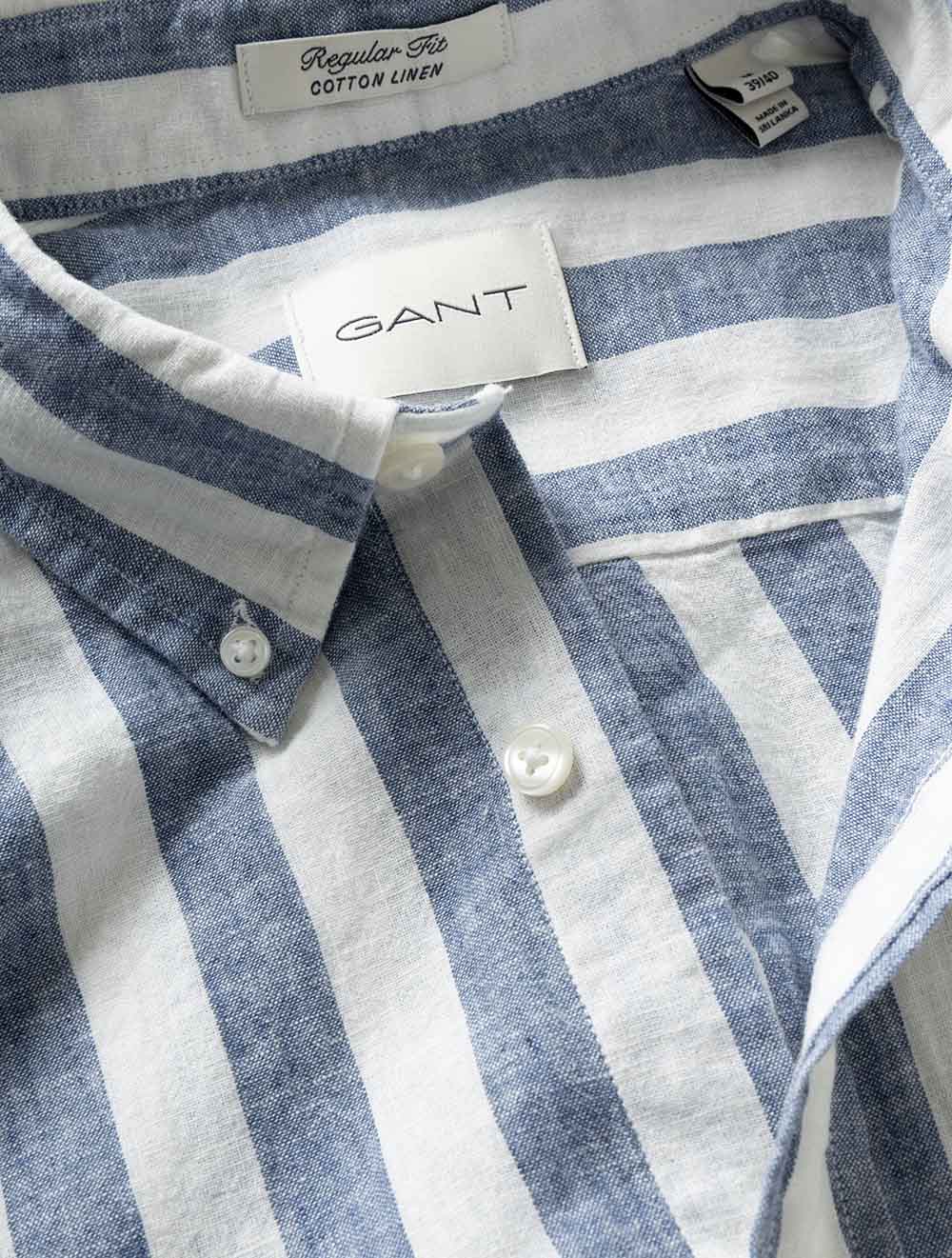 3260020S26 BLUE 442 E110 REG COTTON LINEN STRIPE SS SHIRT — 7S8A5176.jpg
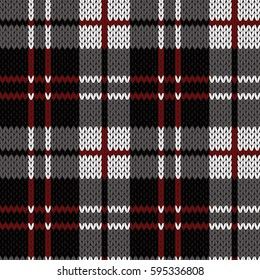 Knitted Vector Seamless Checkered Pattern Textile Stock Vector (Royalty Free) 1611195733 Knit Tartan Pattern, Fairisle Patterns, Perpendicular Lines, Seamless Knitting Patterns, Small Knitting Projects, Colorwork Chart, Sweaters Winter, Doll Design, Crochet Rug Patterns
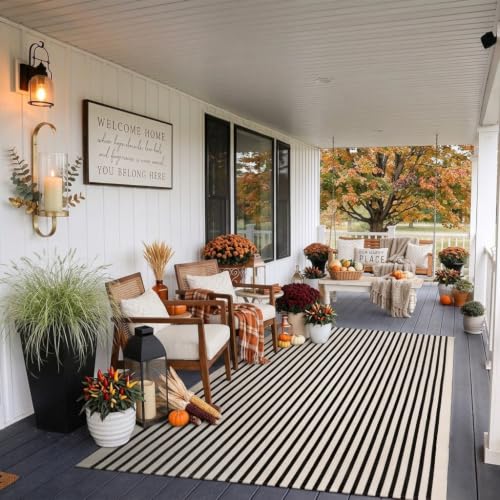 LEEVAN Striped Outdoor Rug for Porch 4x6 Washable Balcony Large Door Mat - color: Black and Cream, size: 4' x 6' (Rectangular)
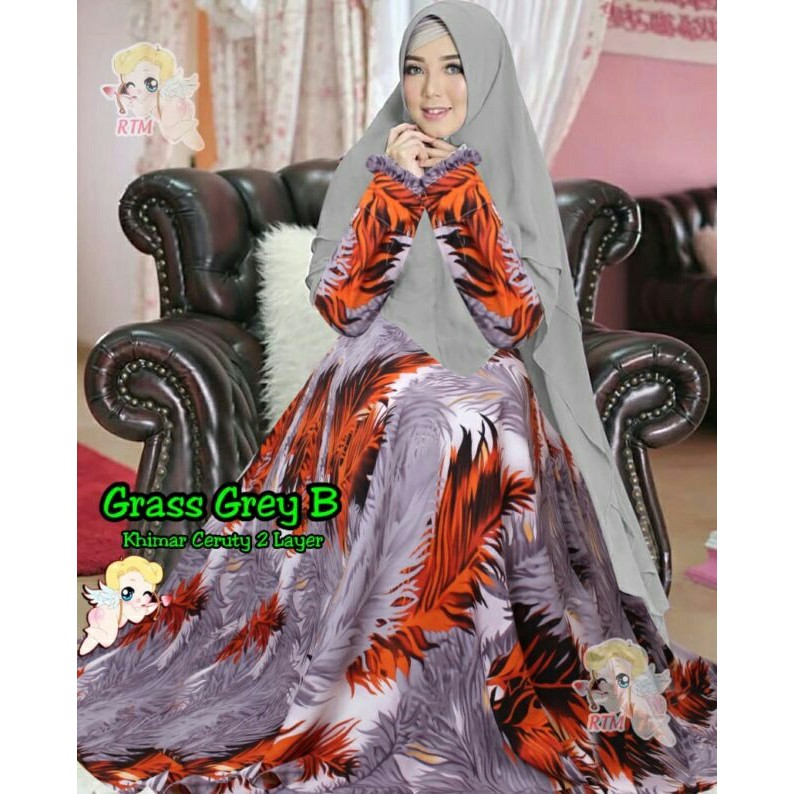 Syari Grass Grey Combi 5Warna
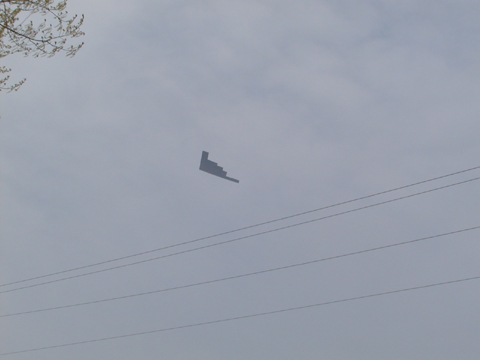 B-2 Stealth Bomber doing a fly-by over Sheboygan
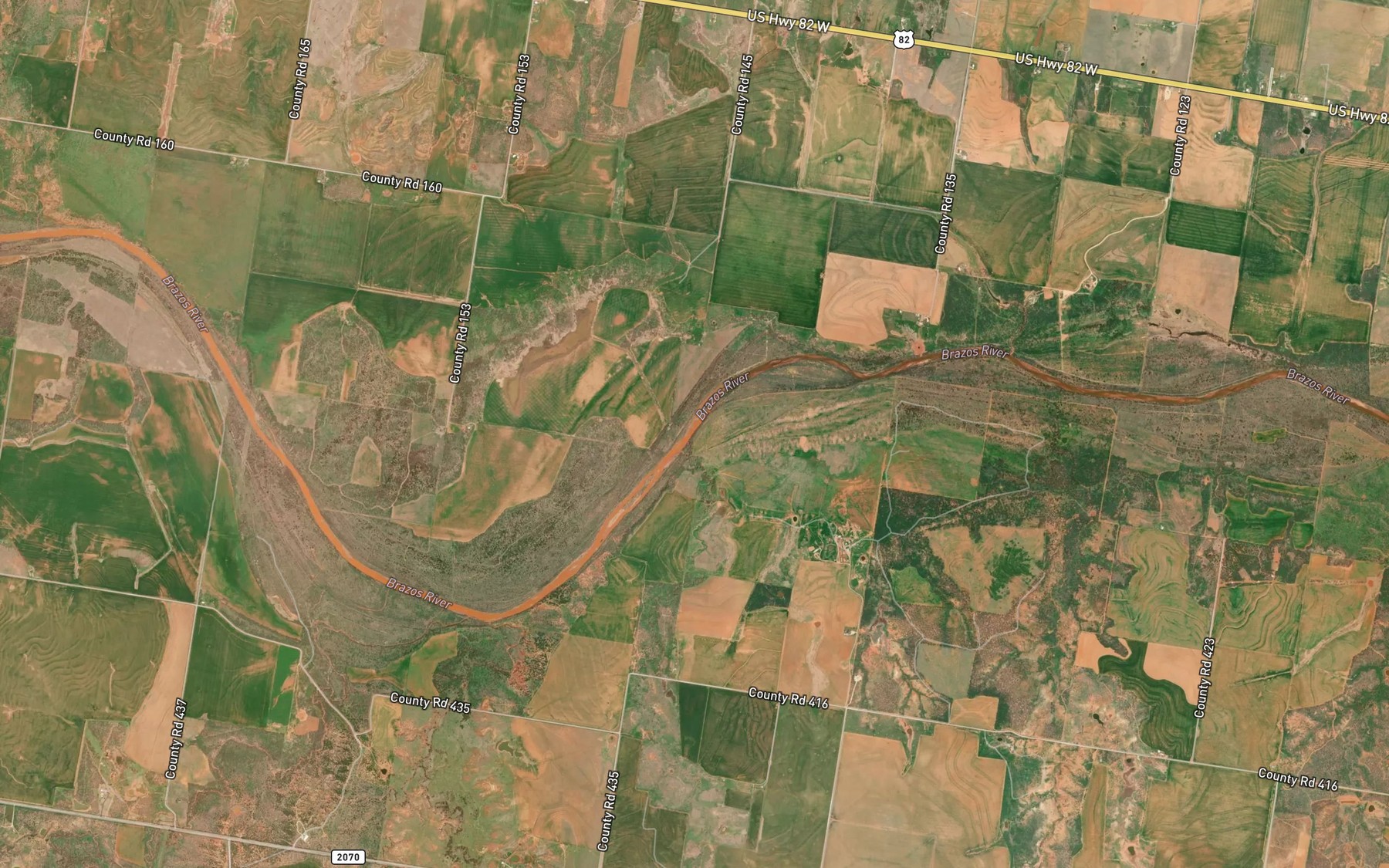 Satellite map of the Yokum Creek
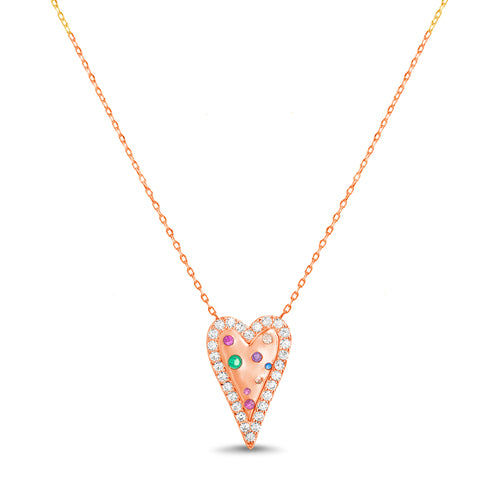 Sterling Silver Rose Gold Multi Color CZ Heart Necklace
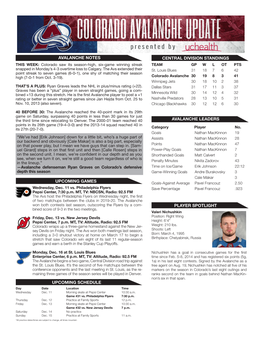 Avalanche Leaders Upcoming Schedule Avalanche Notes Central Division Standings Upcoming Games Player Spotlight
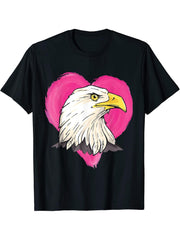 Bald Eagle Heart Design Eagle Love Lover Bald Eagles T-Shirt 180G 100% Cotton Printed Round Neck Short-Sleeve T-Shirt, Gifts for Men Dad Husband Grandpa, S-XXXL, Black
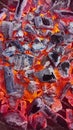 Hot red coals texture. Burning charcoals background. Royalty Free Stock Photo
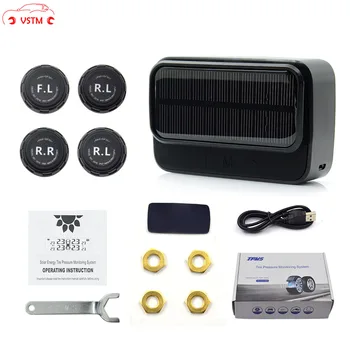 

Latest Solar TPMS Car Tire Pressure Alarm Monitor System with 4 Sensors Display Intelligent Temperature Warning Fuel Save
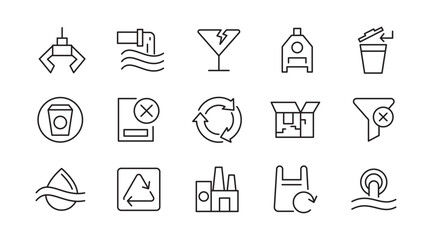 Waste and Recycling line icon set. Eco, save, reduce, reuse, plastic, glass, pollution, dump, refuse, bin, sweep, garbage disposal. trash separation line icon set. Ui thin line icon pack.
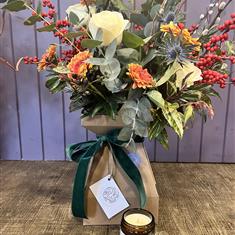 Florist choice winter bouquet with scented candle 
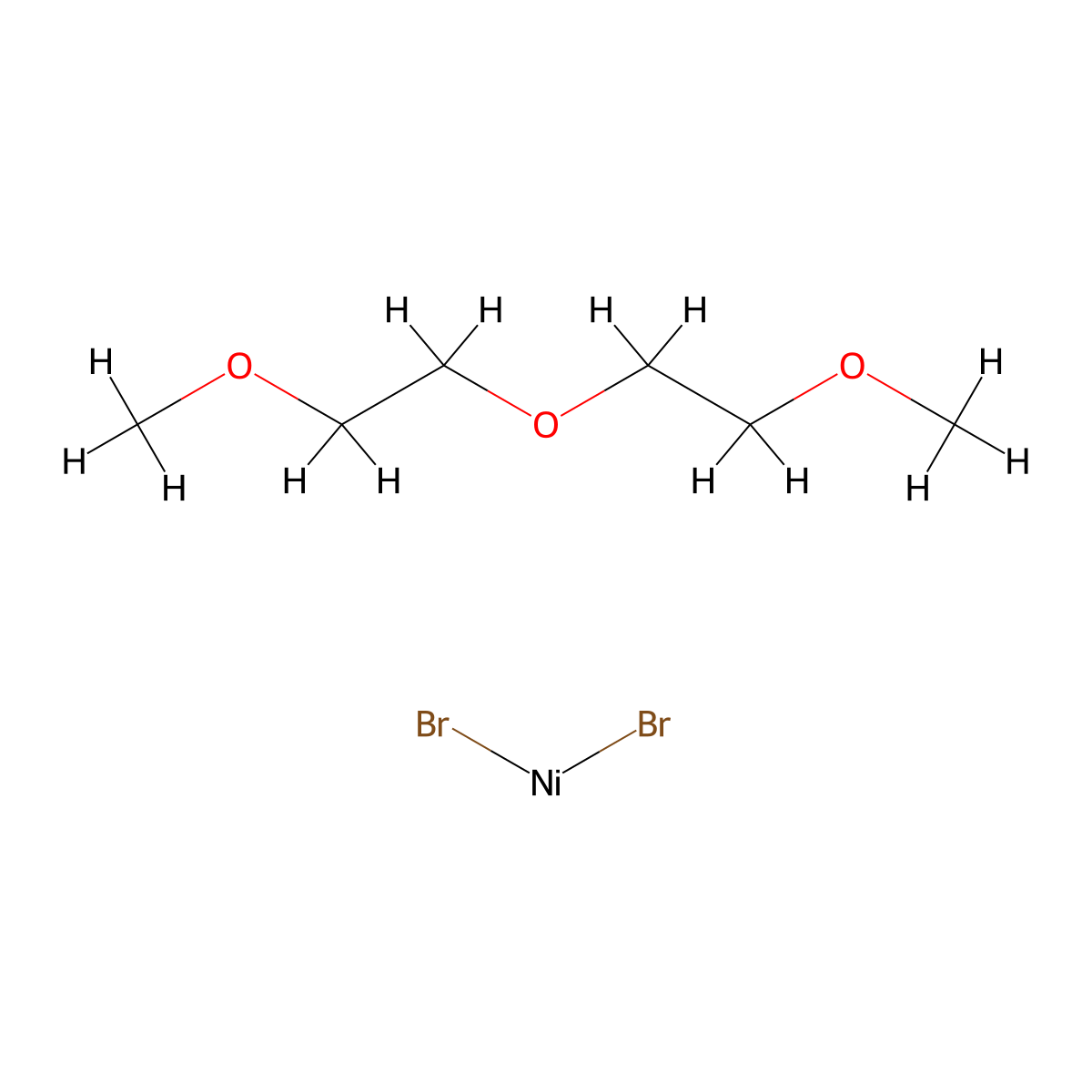 Nickel(II) bromide 2-methoxyethyl ether complex molecular structure, CAS 312696-09-6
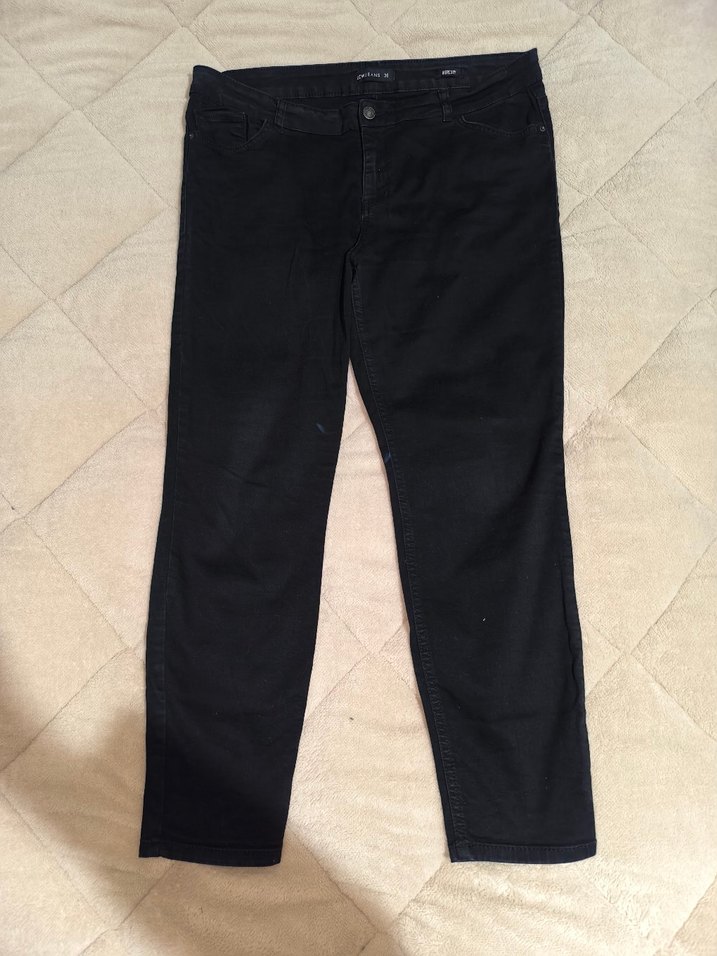 Siyah Kadın Normal Kesim Denim Pantolon - Görsel 2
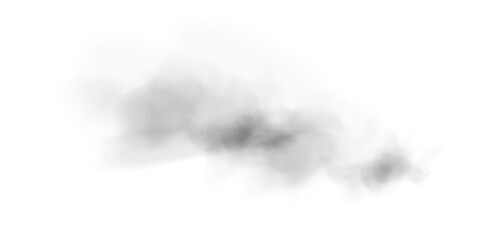 Soft Black Smoke Trail. Realistic Misty Effect for Atmospheric Design, Visual Overlays, or Abstract Digital Art Projects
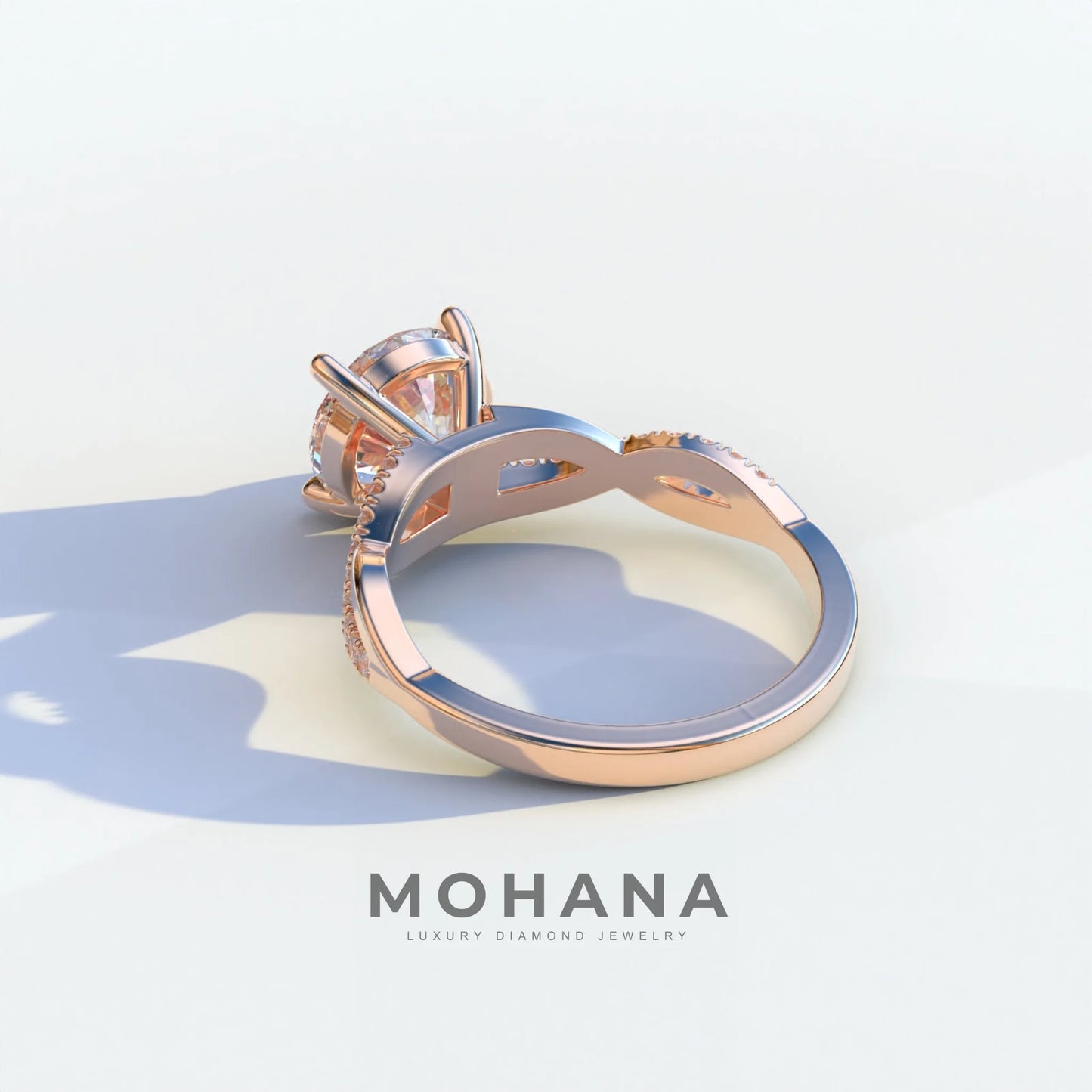 E VVS 3 Carat Round Cut Lab Diamond Ring - Infinity Cross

────────

▸ **Exercise aim**:
Leaving the pictures out, write out all the material above exactly.

▸ **Answer section**:
 3260020S26 BLUE 442 E110 REG COTTON LINEN STRIPE SS SHIRT — 7S8A5176.jpg
 Knitted Vector Seamless Checkered Pattern Textile Stock Vector (Royalty Free) 1611195733 Knit Tartan Pattern, Fairisle Patterns, Perpendicular Lines, Seamless Knitting Patterns, Small Knitting Projects, Colorwork Chart, Sweaters Winter, Doll Design, Crochet Rug Patterns
 LEEVAN Striped Outdoor Rug for Porch 4x6 Washable Balcony Large Door Mat - color: Black and Cream, size: 4' x 6' (Rectangular)
 Syari Grass Grey Combi 5Warna
 B-2 Stealth Bomber doing a fly-by over Sheboygan
 Satellite map of the Yokum Creek
 Sterling Silver Rose Gold Multi Color CZ Heart Necklace
 Avalanche Leaders Upcoming Schedule Avalanche Notes Central Division Standings Upcoming Games Player Spotlight
 Bald Eagle Heart Design Eagle Love Lover Bald Eagles T-Shirt 180G 100% Cotton Printed Round Neck Short-Sleeve T-Shirt, Gifts for Men Dad Husband Grandpa, S-XXXL, Black
 Hot red coals texture. Burning charcoals background. Royalty Free Stock Photo

Latest Solar TPMS Car Tire Pressure Alarm Monitor System with 4 Sensors Display Intelligent Temperature Warning Fuel Save
 Waste and Recycling line icon set. Eco, save, reduce, reuse, plastic, glass, pollution, dump, refuse, bin, sweep, garbage disposal. trash separation line icon set. Ui thin line icon pack.
 Florist choice winter bouquet with scented candle 
 Nickel(II) bromide 2-methoxyethyl ether complex molecular structure, CAS 312696-09-6
 Siyah Kadın Normal Kesim Denim Pantolon - Görsel 2
 Soft Black Smoke Trail. Realistic Misty Effect for Atmospheric Design, Visual Overlays, or Abstract Digital Art Projects
 E VVS 3 Carat Round Cut Lab Diamond Ring - Infinity Cross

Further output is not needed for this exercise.